The cycle time for the analysis of samples was 15 minutes with column clean-up and conditioning phases built into the UHPLC gradient method, which is ideal for high throughput analysis of metabolomic samples.
The improvement of mass spectral data quality obtained by the removal of polyethylene glycol (PEG) contamination from the samples using post- acquisition processing was successfully demonstrated.
Potential biomarker ions of efficacy of rice bran supplementation in colorectal cancer were identified.
5.1.3 Summary of chapter three
Chapter three presents the development and application of a robust methodology based on UHPLC-MS for salivary metabolite profiling and the discovery of potential biomarkers of asthma. The specific outcomes from this study are:
A method has been developed and established for metabolite profiling of saliva using UHPLC-MS.
The analytical method has been characterised (i.e. validated) on the basis of the reproducibility and dynamic range of the method.
Unsupervised multivariate data analysis methods have been utilised after logical data reduction procedures to reduce the complexity of the very large dataset obtained from untargeted metabolite profiling studies.

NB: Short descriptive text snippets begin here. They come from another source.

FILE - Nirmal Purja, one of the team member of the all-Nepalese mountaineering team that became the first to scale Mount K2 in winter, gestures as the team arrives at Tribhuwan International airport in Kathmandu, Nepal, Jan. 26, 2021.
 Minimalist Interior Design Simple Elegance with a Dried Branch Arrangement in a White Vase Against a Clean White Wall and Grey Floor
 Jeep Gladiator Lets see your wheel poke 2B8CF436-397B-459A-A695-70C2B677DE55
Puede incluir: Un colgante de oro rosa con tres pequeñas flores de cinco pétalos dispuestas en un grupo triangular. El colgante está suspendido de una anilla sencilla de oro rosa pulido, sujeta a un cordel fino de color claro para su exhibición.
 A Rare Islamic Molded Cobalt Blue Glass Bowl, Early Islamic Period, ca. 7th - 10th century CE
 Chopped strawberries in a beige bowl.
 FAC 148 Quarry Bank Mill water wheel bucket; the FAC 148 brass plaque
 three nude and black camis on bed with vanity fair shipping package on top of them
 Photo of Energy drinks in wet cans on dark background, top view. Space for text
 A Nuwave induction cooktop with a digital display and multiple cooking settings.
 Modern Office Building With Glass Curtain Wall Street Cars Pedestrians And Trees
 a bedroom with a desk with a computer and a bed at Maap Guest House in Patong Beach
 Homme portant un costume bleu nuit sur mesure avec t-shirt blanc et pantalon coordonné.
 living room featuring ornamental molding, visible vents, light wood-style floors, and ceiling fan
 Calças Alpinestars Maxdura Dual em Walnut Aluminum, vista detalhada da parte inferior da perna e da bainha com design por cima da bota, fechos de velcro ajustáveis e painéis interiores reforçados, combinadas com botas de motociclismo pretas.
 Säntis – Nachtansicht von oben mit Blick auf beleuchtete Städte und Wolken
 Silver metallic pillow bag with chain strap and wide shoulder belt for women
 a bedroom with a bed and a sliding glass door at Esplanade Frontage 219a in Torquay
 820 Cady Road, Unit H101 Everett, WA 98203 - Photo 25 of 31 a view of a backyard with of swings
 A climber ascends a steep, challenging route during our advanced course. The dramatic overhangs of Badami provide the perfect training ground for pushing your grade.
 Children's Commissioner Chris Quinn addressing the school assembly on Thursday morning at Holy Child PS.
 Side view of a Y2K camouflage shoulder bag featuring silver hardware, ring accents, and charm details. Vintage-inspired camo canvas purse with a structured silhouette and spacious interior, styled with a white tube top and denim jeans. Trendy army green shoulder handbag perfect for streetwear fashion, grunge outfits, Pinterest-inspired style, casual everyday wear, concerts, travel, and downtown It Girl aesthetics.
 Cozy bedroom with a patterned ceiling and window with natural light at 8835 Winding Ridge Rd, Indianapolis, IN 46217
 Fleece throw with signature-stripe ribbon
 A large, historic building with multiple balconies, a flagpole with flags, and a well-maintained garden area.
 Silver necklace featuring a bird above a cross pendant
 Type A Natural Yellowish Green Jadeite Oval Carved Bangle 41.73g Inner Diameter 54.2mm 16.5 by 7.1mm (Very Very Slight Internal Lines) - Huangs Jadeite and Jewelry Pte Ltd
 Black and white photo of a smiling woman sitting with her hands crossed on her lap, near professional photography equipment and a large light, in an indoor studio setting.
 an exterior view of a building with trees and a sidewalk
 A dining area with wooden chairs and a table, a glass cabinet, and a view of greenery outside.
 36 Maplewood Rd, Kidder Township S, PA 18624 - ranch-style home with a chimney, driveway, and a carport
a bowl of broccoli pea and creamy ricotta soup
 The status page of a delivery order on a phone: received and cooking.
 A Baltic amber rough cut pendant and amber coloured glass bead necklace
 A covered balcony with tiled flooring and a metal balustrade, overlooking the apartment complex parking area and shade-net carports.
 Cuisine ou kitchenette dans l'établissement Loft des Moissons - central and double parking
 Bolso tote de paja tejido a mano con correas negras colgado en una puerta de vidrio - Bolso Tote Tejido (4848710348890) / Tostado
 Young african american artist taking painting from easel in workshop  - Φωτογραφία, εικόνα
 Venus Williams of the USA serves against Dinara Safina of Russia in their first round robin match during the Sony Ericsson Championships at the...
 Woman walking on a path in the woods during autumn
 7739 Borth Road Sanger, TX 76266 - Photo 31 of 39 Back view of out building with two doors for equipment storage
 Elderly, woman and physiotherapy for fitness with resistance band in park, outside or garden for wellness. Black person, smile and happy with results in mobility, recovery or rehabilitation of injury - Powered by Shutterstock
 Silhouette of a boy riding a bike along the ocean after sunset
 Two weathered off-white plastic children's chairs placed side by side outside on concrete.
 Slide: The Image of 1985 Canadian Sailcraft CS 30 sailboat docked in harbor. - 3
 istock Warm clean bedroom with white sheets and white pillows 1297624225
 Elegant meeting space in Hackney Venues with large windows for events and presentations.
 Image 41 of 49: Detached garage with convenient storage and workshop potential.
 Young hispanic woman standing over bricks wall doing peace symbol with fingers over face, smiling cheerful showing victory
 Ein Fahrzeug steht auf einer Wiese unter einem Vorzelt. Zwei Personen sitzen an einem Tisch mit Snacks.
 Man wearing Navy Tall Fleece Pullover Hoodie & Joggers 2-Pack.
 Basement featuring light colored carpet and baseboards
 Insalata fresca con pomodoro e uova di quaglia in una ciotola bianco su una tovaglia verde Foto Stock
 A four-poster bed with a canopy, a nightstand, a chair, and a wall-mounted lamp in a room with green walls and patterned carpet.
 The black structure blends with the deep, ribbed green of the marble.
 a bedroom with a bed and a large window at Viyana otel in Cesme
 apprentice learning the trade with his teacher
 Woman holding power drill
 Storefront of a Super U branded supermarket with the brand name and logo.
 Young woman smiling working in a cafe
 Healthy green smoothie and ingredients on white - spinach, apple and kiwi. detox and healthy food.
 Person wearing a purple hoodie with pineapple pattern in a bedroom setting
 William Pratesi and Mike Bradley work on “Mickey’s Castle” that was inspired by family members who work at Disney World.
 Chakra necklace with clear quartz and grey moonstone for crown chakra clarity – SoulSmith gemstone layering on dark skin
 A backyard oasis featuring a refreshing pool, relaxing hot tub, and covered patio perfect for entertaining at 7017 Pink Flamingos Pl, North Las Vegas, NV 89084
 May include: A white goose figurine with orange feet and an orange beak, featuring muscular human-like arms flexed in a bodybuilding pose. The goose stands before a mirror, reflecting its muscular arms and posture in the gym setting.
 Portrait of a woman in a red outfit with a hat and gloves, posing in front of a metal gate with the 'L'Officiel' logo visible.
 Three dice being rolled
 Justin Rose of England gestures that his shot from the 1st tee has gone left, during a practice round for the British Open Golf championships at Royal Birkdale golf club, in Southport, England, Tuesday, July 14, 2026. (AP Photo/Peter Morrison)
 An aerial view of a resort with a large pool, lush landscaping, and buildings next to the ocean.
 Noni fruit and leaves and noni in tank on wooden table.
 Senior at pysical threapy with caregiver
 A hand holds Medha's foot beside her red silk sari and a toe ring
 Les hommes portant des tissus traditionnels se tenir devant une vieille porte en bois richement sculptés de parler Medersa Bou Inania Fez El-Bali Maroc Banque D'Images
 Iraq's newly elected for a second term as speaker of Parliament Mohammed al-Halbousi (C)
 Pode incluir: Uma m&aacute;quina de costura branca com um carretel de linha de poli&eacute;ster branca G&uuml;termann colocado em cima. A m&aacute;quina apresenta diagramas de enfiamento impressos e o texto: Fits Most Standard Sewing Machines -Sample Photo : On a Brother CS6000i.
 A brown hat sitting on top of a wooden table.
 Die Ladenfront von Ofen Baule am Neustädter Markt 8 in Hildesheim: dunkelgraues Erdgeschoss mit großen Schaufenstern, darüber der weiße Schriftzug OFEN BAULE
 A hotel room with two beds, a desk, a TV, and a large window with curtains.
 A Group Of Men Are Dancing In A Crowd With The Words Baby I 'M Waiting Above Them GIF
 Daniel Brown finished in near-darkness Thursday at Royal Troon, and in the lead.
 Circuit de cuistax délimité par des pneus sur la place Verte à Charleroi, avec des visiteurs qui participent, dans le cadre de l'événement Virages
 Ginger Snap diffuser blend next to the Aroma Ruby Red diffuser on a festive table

Ten potential metabolite biomarker ions of asthma have been identified from the moderate asthmatics in the study with their tentative elemental composition assignments.
A predictive model based on partial least squares – discriminant analysis (PLS- DA) has been constructed using the ten discriminant ions, which shows good predictive capability for moderate asthmatics and controls. The predictive model was used to test its ability to classify mild asthmatic population.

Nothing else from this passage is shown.